The Vienna Anti-Slavery Society, formed in 1834, was one of many similar organizations established in the nation's small towns and large cities in the 1830s, all with the stated purpose of abolishing slavery throughout the United States and ensuring legal protections for freed African Americans. The Society was a chapter of the American Anti-Slavery Society which had been established in 1833 by William Lloyd Garrison and Arthur Tappan. The Ohio Anti-Slavery Society was organized in Zanesville in April, 1835. Vienna's Society may have been one of the first to be established in Ohio.[1]
Historical records about the Vienna Anti-Slavery Society have not been located.
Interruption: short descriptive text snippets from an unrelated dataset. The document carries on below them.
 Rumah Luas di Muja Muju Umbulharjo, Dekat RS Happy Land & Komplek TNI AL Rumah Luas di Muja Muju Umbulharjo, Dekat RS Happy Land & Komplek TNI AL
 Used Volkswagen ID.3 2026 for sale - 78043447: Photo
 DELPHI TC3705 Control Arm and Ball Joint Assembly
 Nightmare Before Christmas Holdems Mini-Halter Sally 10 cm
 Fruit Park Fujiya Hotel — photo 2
The Third Annual Report of the American Anti-Slavery Society lists Festus Reed as the secretary for a society in Vienna, but lists no date of founding nor the number of members. The published minutes of the 1836 meeting of the Ohio Anti-Slavery Society lists William H. Read [Reed] of Vienna as president and A.M. Read [Augustus M. Reed] as its secretary. These three men were brothers.[2]
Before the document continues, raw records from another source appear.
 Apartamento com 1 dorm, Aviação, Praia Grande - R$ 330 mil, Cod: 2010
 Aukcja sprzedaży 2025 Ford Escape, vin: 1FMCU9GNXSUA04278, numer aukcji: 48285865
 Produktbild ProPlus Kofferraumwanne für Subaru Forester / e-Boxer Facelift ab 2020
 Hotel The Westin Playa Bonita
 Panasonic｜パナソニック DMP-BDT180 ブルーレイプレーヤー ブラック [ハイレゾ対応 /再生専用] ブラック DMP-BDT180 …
In 1837 and 1838 Halsey P. Hart was the organization's secretary and the number of members was 70. Halsey Phelps Hart, born on December 15, 1815, to Gad Hart and Eunice Munson Woodford in Northington, Hartford County, Connecticut, had been a student at the Oberlin Collegiate Institute (now Oberlin College) in 1836. The Institute, established in 1833, had quickly become a center of abolitionism in the Western Reserve. It was the first college in the United States to admit African Americans and women.